* [About this task]:
Produce as output only the lines below starting at the line with "Озонування автомобіля, приміщень квартири" and continuing through the line with "Spare Systems: The", each one exactly as written.

* [Material provided]:

- - - -

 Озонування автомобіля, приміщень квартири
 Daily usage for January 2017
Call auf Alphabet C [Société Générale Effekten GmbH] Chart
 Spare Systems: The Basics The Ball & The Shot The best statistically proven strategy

- - - -

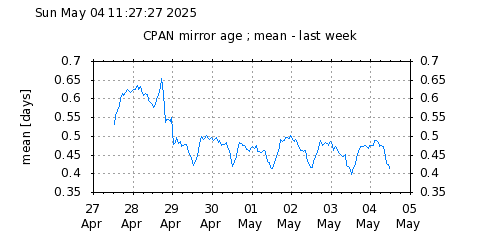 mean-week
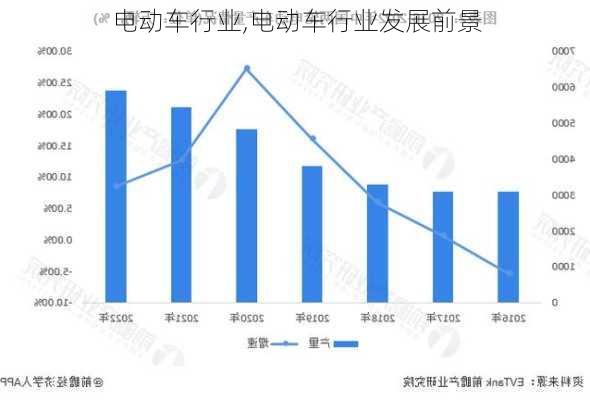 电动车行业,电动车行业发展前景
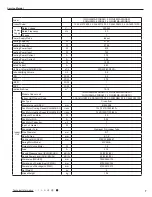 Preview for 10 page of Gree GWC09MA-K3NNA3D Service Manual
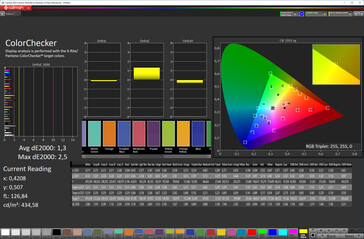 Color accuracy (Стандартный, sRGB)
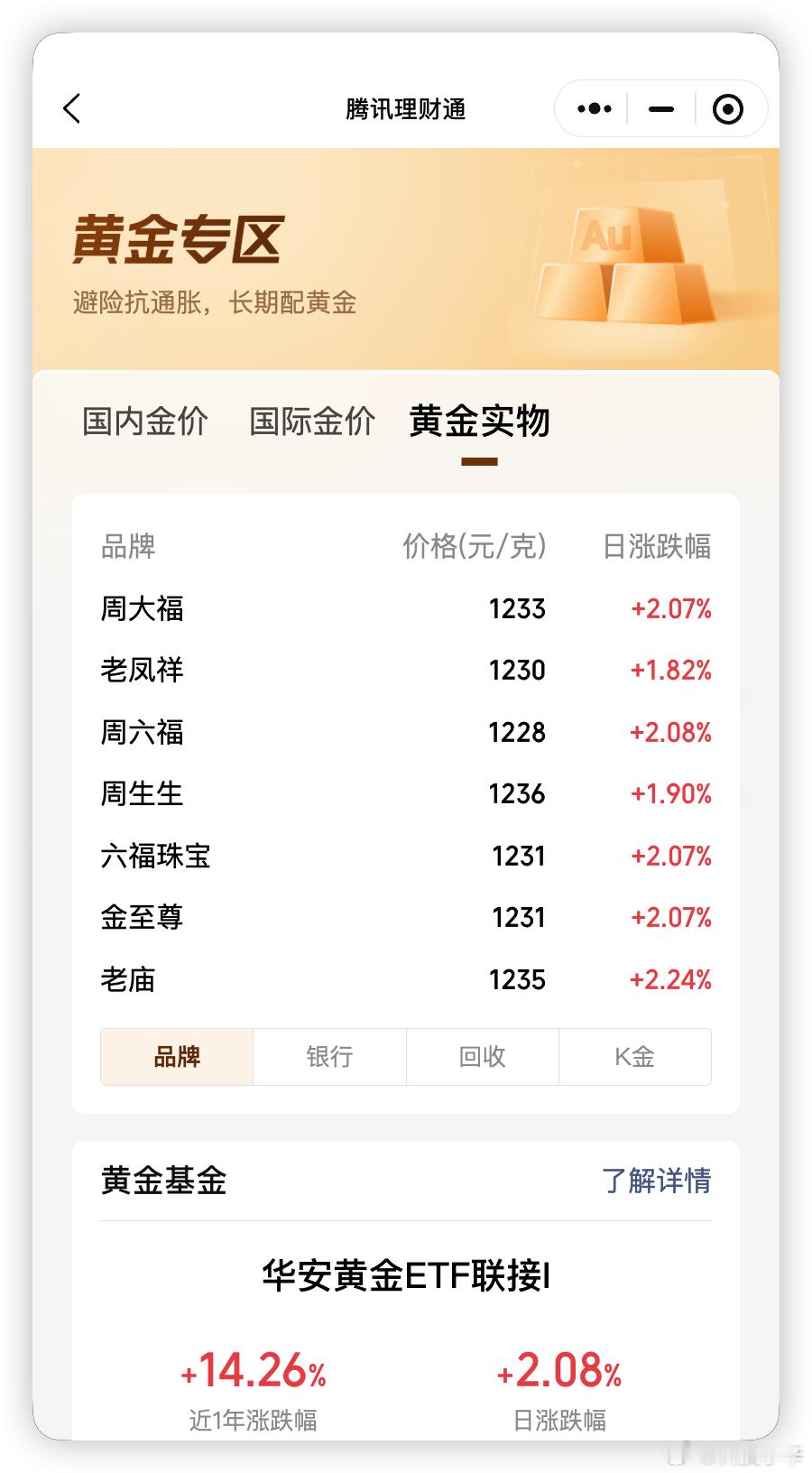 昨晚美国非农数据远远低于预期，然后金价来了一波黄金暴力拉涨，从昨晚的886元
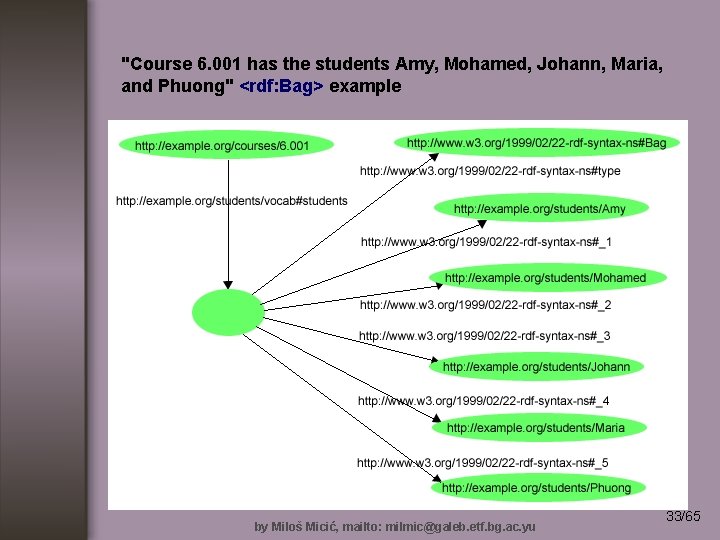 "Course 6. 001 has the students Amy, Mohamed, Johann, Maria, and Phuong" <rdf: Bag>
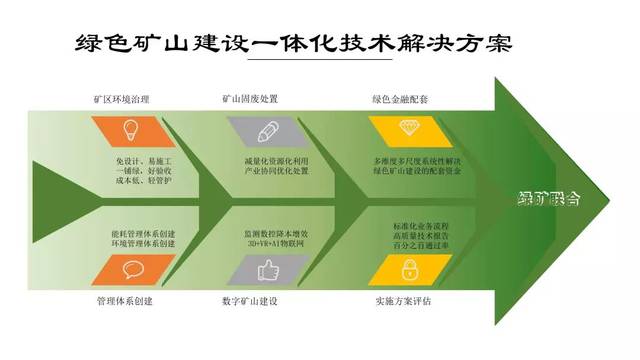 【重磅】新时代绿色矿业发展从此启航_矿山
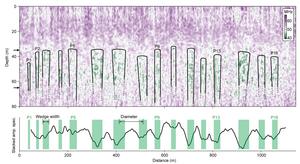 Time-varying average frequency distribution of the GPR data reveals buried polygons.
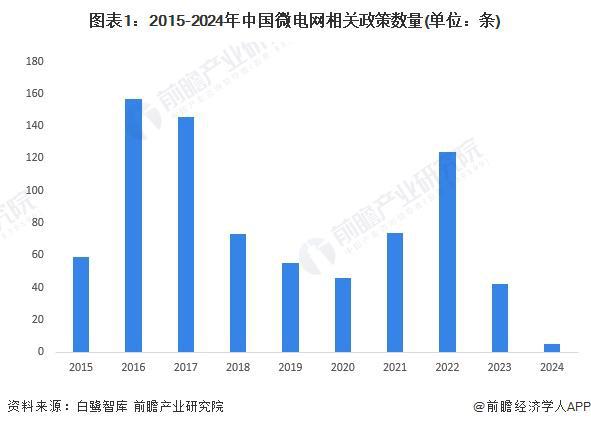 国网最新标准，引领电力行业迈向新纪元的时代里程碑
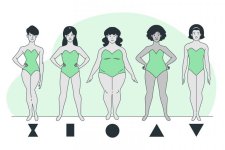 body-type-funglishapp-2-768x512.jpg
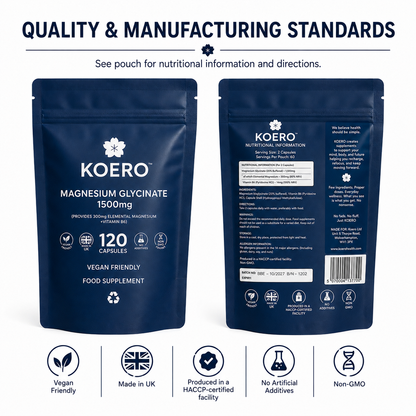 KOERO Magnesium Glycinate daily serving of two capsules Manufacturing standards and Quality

- - - -

* [Exercise answer]:
 Озонування автомобіля, приміщень квартири
 Daily usage for January 2017
Call auf Alphabet C [Société Générale Effekten GmbH] Chart
 Spare Systems: The Basics The Ball & The Shot The best statistically proven strategy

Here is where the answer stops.